Photo Credit: Piron Guillaume, Unsplash.com

When my kids were little, I always thought that showing emotion was bad. I thought it would burden my kids with unnecessary worries about me and my well being.

So I kept the emotional outbursts within my bedroom walls. Admittedly, there were times I had some undeniable tears running down my face in front of my kids after my divorce. They would ask me what was wrong and I would tell them a sentence or two and ask if I could hug them. I would say that I was a little sad, but that I’d be better soon.

My son later told me that, “Yeah, sometimes you’re sad mom, but you always get better again.”

I showed my kids (and still do), that people get sad, then happy again, and life continues.

What I later realized is that how I was coping, my kids were learning as acceptable behavior. They learned to cry and be sad and that no explanations were needed.

But they also learned to cope really well and that angry outbursts were not okay. Sometimes I wish I’d have taught them to express anger productively and with purpose, without disrespecting others instead of rationalizing it away and redirecting all of it with reasoning.

This brings me to my first point:

How you allow yourself to behave is what your kids will learn is acceptable.

If you save all your emotional outbursts for the bedroom, your kids will learn that having all those “bad” emotions is not appropriate. And they’ll grow up having a hard time acknowledging those feelings in themselves. This, in turn, will give those “bad” feelings more control over their lives, since all feelings tend to make their way to the surface knowingly or unknowingly. Once we acknowledge them, they lose their power.

Once I realized that I needed to teach my kids to acknowledge a bigger range of feelings, I started having Tuesday family meetings around the dinner table.

My therapist had given me a paper with words on all possible emotions. We each picked three emotions we had that day. In the beginning, I never had my kids explain their feelings, but later it was more or less required. The arrangement gave my kids a time to feel heard and a time to acknowledge their feelings and having them validated. It also gave me an opportunity to be a role model for self-awareness and of acknowledging and accepting all my own feelings with my kids watching.

Emotion Coaching

In his book, Raising an Emotionally Intelligent Child, John Gottman states,

“We have inherited a tradition of discounting children’s feelings simply because children are smaller, less rational, less experienced and less powerful that the adults around them. Taking children’s emotions seriously requires empathy, keen listening skills, and a willingness to see things from their perspective. It also takes a certain selflessness.”

To sum it up, you have to become an emotion coach.

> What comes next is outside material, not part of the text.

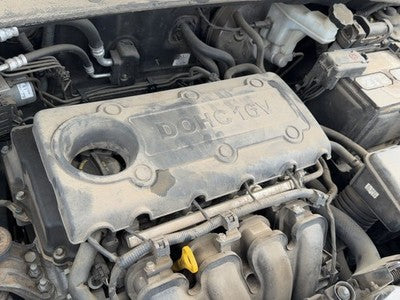 2007-2013 Kia Sportage Cylinder Head Assembly Oem 2.4L 221002G051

Emotion coach parents serve as their children’s guides through the world of emotion. They not only set limits to inappropriate behavior, but go beyond to teach their children how to regulate their feelings, find appropriate outlets, and solve problems. The don’t feel compelled to fix everything that goes awry in their kids’ lives and they consistently respond to their children’s feelings while the intensity level is still low. Emotion coach parents also don’t disapprove of their children’s emotions, thereby creating fewer points of conflict.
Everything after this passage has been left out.